A town near Rājagaha, (according to Buddhaghosa, DA.i.35) one league away. The Buddha is mentioned as having several times stayed there during his residence in Pāvārika's mango grove, and while there he had discussions with Upāli-Gahapati and Dīghatapassī (S.ii.110; M.i.376ff.), with Kevatta (D.i.211ff.), and also several conversations with Asibandhakaputta (S. ii. 311 23).
The Buddha visited Nālandā during his last tour through Magadha, and it was there that Sāriputta uttered his "lion's roar," affirming his faith in the Buddha, shortly before his death (D.ii.81f.; iii.99ff.; S.v.159ff.). The road from Rājagaha to Nālandā passed through Ambalatthikā (D.ii.81; Vin.ii.287), and from Nālandā it went on to Pātaligāma (D.ii.84). Between Rājagaha and Nālandā was situated the Bahuputta cetiya (S.ii.220).
According to the Kevatta Sutta (D.i.211), in the Buddha's time Nālandā was already an influential and prosperous town, thickly populated, though it was not till later that it became the centre of learning for which it afterwards became famous.

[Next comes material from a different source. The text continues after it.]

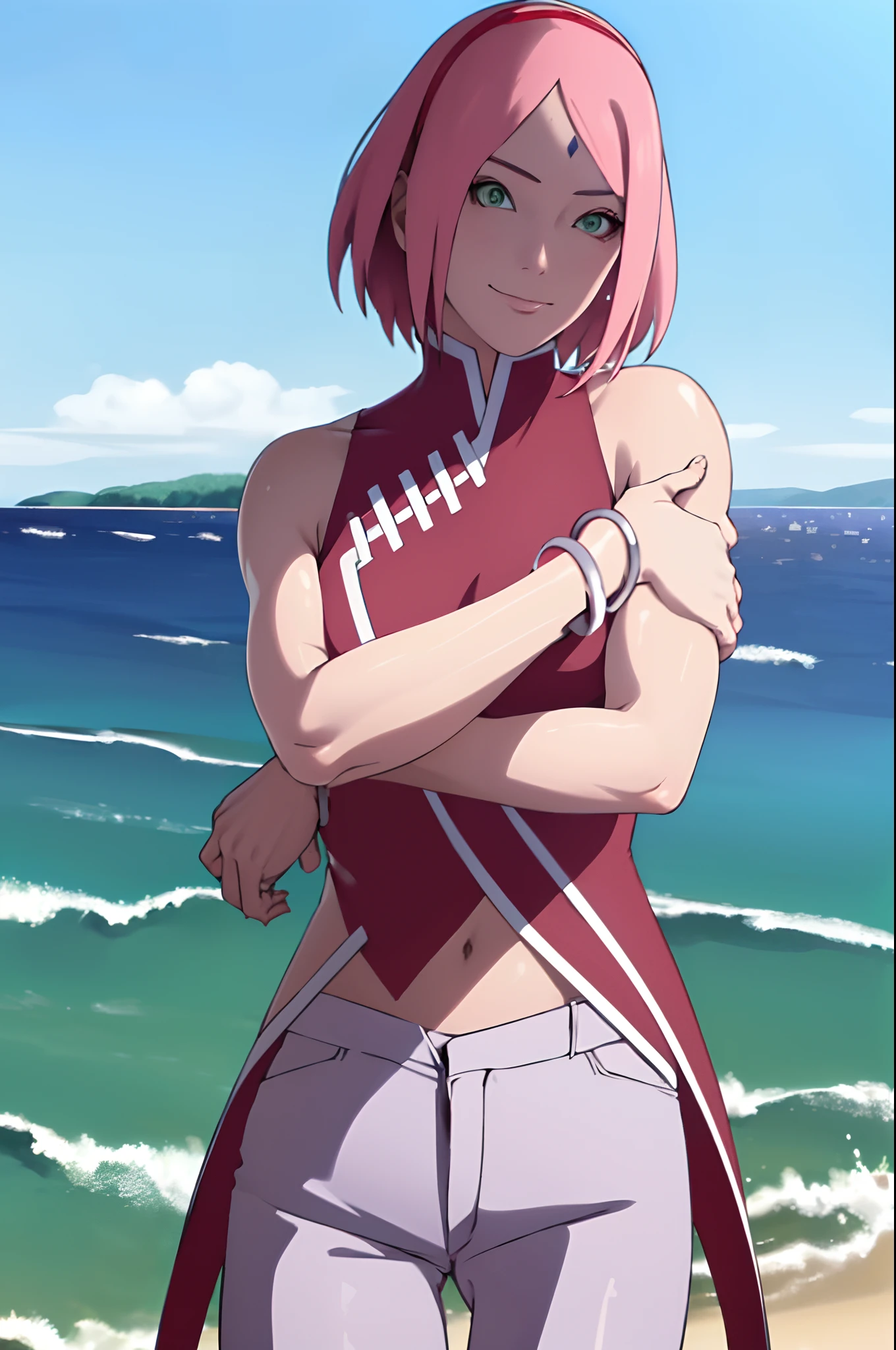 masterpiece, 1k, portrait, face shot, professional artwork, detailed beach background, intricate details, colorful, digital blending, ultra detailed body, ultra detail hair, ultra detail face, trending on pixiv, kind smile, very hot color, best quality, anime style: 1.9, 1girl, hires, haruno sakura, contrasty lighting, (forehead mark, milf, red hairband, pale skin, short hair, ((red sleeveless dress), white pants), navel, groin, bracelet, looking at viewer, crossed arms, pink hair, green eyes, smile, beach, wind, floating hair, detailed arms, off-shoulders, slightly muscular arms, standing), sunnyday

There is a record in the Samyutta Nikāya (S.iv.322), of the town having been the victim of a severe famine during the Buddha's time.
Nālandā was the residence of Sonnadinnā (VvA.144). Nigantha Nātaputta is several times mentioned as staying at Nālandā, which was evidently a centre of activity of the Niganthas.
Hsouien Thsang (Beal: op. cit., ii.167f ) gives several explanations of the name Nālandā. One is that it was named after the Nāga who lived in a tank in the middle of the mango grove. Another - and accepted by him - is that the Bodhisatta once had his capital here and gave "alms without intermission," hence the name.
Nālanda is, in the northern books, given as the name of Sāriputta's birthplace (see Nālaka).
Nālanda is identified with the modern Baragaon (CAGI. 537).
A village in the central province of Ceylon. Once Parakkamabāhu I. occupied a camp there, and it is several times mentioned in the accounts of his campaigns. Cv.lxx.167, 207; lxxii.169.
1. Nālandā Sutta
A conversation between the Buddha and Upāligahapati in Pāvārika's mango grove, as to why some beings attain full freedom in this world while others do not. S.iv.110.
2. Nālandā Sutta
Sāriputta's affirmation of faith in the Buddha - there never was, nor is, nor shall be, anyone possessing higher wisdom than the Buddha. S.v.159 f.; cp. D.ii.81 and D.iii.99ff.